By Prof. Herbert Vilakazi, courtesy of Dr Mfuniselwa Bhengu, Kwazulu Natal, South Africa

Many years after 1994, it remains a truism, in observations about South Africa, that economic leadership of the country is still in the hands of the white population, which is less than a fifth of the total population of the country. Just about everyone is in agreement with the view that this situation poses a danger to the stability and future of democracy in the country.

Likewise, the intellectual leadership of the country is also being exercised by a small minority, Whites. It must be stressed that such a situation is also undesirable, from the point of view of the social, cultural, and spiritual health of the society; it is also likely to give rise to distortions and errors in public policies, which may, in time, seriously endanger the political stability of the country.

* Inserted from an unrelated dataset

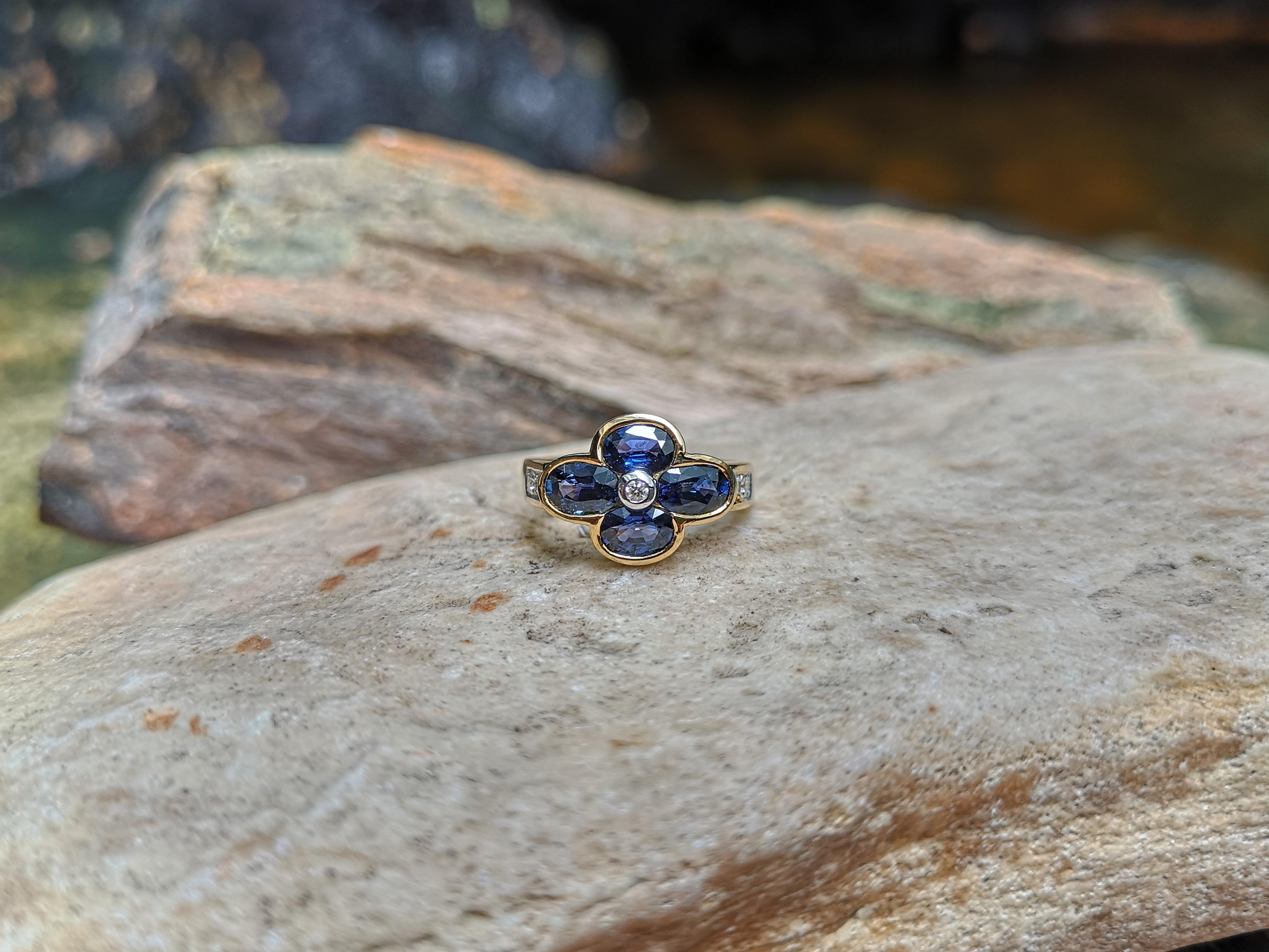 Blue Sapphire with Diamond  Ring Set in 18 Karat Gold Settings For Sale 2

 A great danger hovering over the current efforts to transform South Africa into a democratic and developing society is the paucity of the inputs of African thinkers and intellectuals in the public life of society, and in playing the role of `Think-Tank’ of contemporary South Africa.

There is growing discontent, nationally, among African intellectuals, over what they perceive to be the marginalization of the African voice, and African opinion, in the guidance of the nation as a developing society, and as part and parcel of African civilization.

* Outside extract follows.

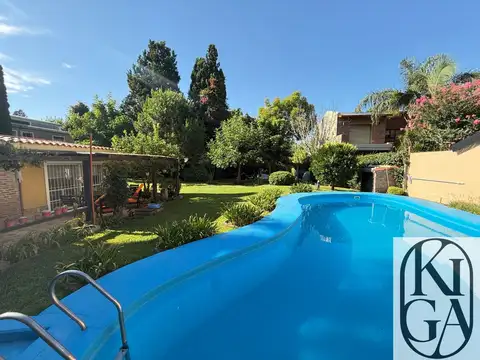 Casa 5 ambientes con 2 baños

We do not, of course, believe in the racial origin of ideas, but subscribe to the proposition that ideas are by-products of the experiences of individuals and masses of people in society and history. It has been stated that “minds are connected by invisible threads with the general body of society.” Therefore, even though it is the single individual who thinks, that individual thinks out of a group or community experience. Karl Mannheim, who carved out within sociology what is called the “sociology of knowledge”, went as far as to state: “Only in a quite limited sense does the single individual create out of himself the mode of speech and thought we attribute to him. He speaks the language of his group; he thinks in a manner in which his group thinks. He finds at his disposal only certain words and their meanings…Thus it is not men in general who think, or even isolated individuals who do the thinking, but men in certain groups who have developed a particular style of thought in an endless series of responses to certain typical situations characterising their common situation.” (Karl Mannheim, Ideology and Utopia)

The peculiarity of South African history, so far, which was shaped by white supremacy, has been the differentiation of the life experiences of society members, on the basis of race. The consequence is that there exists, in contemporary South Africa, the African experience, the Indian experience, the White experience, and the Coloured experience, with corresponding cultures and ideas.

It is also important to stress that every community, every social class, and every society gives birth to its own intellectuals and artists, who are, as it were, `organic outgrowths’ of that particular experience. These are individuals who become the `mouthpieces’ of the people concerned, who articulate, express, and interpret the feelings, aspirations, opinions, and dreams, of the particular people, to the people themselves, to the rest of society, and to the world-at-large.

One of the major distorting effects in the history of culture arises from what has been called `substitutionism’, when the historical tasks of a particular class, or community, are fulfilled by another social class or by another community, on behalf of the group that should have fulfilled the task. A prime example would be the intellectual leadership of a particular community, (say, the African community, in South Africa) by individuals coming from, and shaped by, another community experience (say, White). The same distorting effect has resulted from the intellectual leadership of peasants by people from another social class, or from the intellectual leadership of the working-class by individuals from professional or business classes. (Lenin, Isaac Deautcher, Mao).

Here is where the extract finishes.